Es lo raro del caso que los procuradores afirman en su petición «que nunca tal ley fue fecha, pero hallámosla escrita e puesta entre otras leyes e ordenanzas por vuestra alteza fechas en las dichas Cortes de Salamanca»; y no sorprende menos la frialdad del Rey al responder: «yo creo commo vosotros decides que yo nunca fice ni ordené tal ley como esta de que en vuestra petición facedes mención; pero si de fecho pasó, yo por esta ley la revoco e do por ninguna, e de ningund valor o efecto.»

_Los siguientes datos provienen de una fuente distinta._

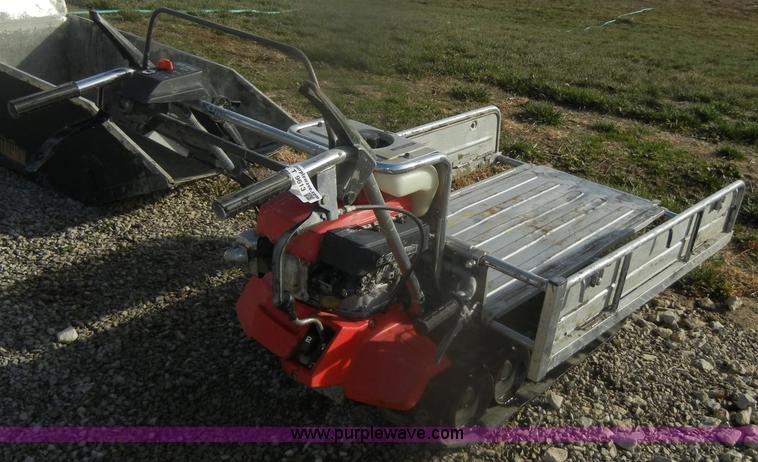 image for item T9613 Honda HP400 concrete buggy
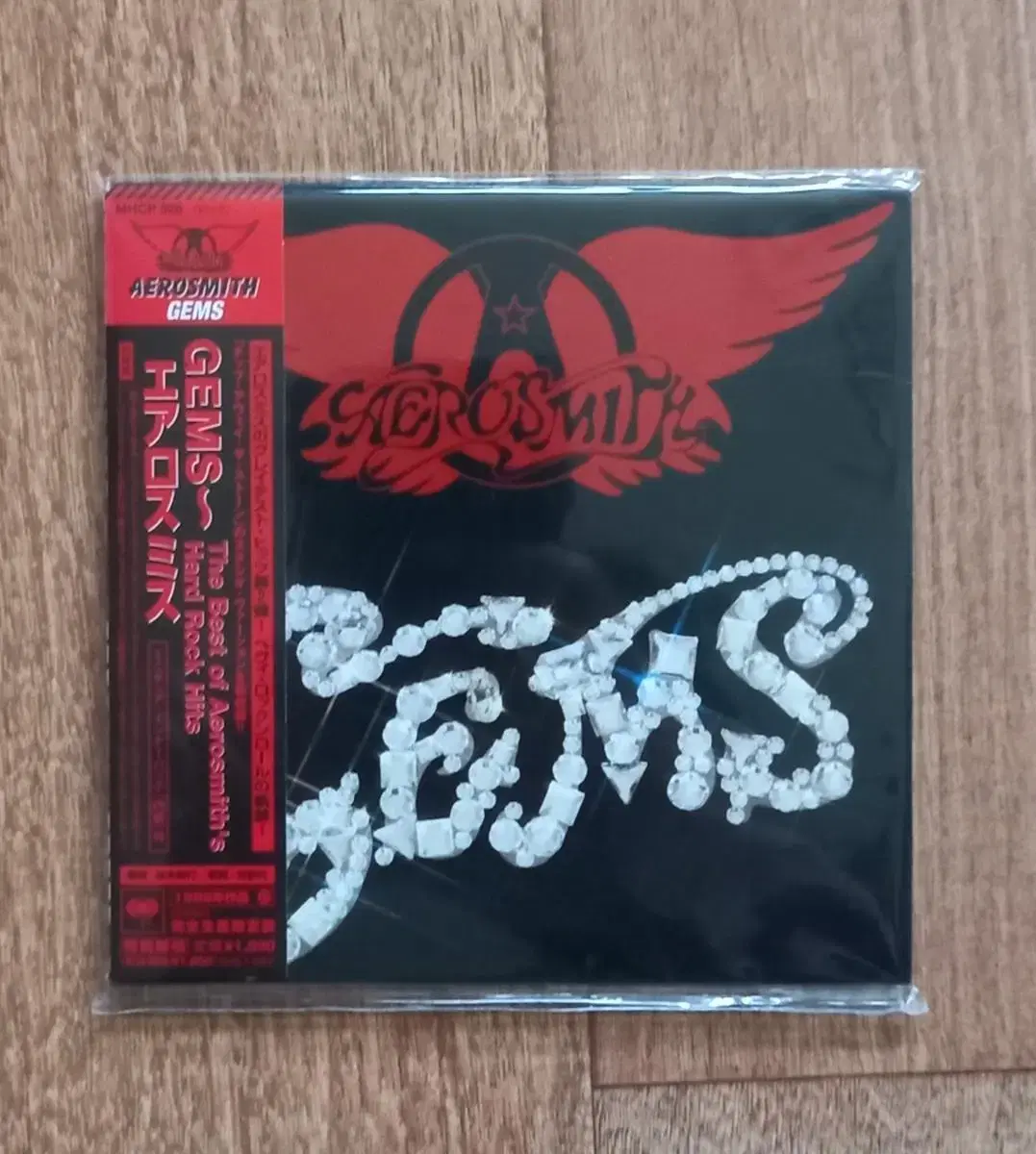 Aerosmith cd lp mini 엘피 미니어처 시디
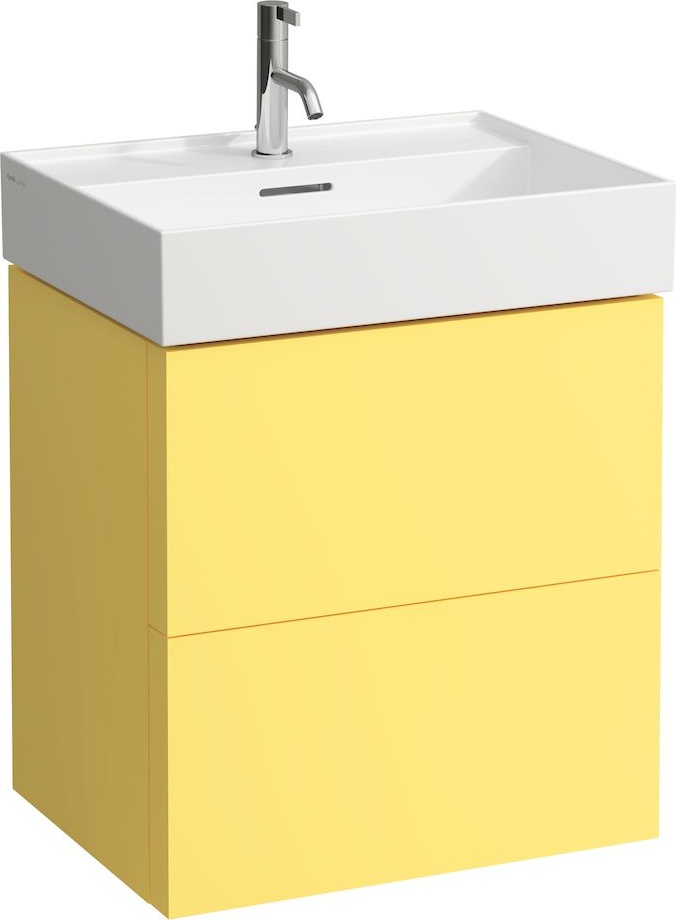 H4075690336411 Шкафчик под раковину, 2 ящика, включает в комплект органайзер, для раковин 810333, 810338, 810339, 813332 LAUFEN PRO - Вид №5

No es posible averiguar la verdad de lo ocurrido. La inserción en el cuaderno de las Cortes de Salamanca de una ley falsa, ¿debe atribuirse a mero descuido, o tuvo parte la malicia? Lo cierto es que la historia de las Cortes no ofrece otro ejemplo semejante, ni antes ni después del reinado de Enrique IV.

Censuraron los procuradores la facilidad con que el Rey daba cartas de espera o moratorias a los deudores. No negaban que lo pudiese hacer con justa causa, es decir, «informado de la proveza e necesidad del deudor, e de la causa por donde le vino, e si el creedor tiene hacienda con que lo sufra»; pero deploraban el abuso. El Rey otorgó la petición, si bien le habrá pesado privarse de un medio tan llano y cómodo de hacer inmensas mercedes a sus favoritos sin menoscabo de su patrimonio, porque todo cuanto daba concediendo cartas de espera en contratos particulares era a costa ajena.

El 11 de Diciembre de 1474 acabó sus días Enrique IV, dejando abierta la cuestión de mejor derecho a la corona, la nobleza dividida en bandos, los pueblos alterados y descontentos, el patrimonio real disipado, despreciada la justicia, corrompida la moneda, las Cortes sin autoridad y sin fuerza la monarquía. Fue un reinado bien mezquino el de Don Enrique IV, más negligente y remiso en la gobernación del reino que su padre D. Juan II. No fue amado ni temido, aunque derramó las mercedes a torrentes, dando a unos porque le sirviesen, a otros por reducirlos a la obediencia. Su ciega liberalidad no le libró de la persecución de ingratos y traidores, y así feneció su trabajosa vida, «habiendo sido los placeres pocos, los enojos muchos, los cuidados grandes y el descanso ninguno»709.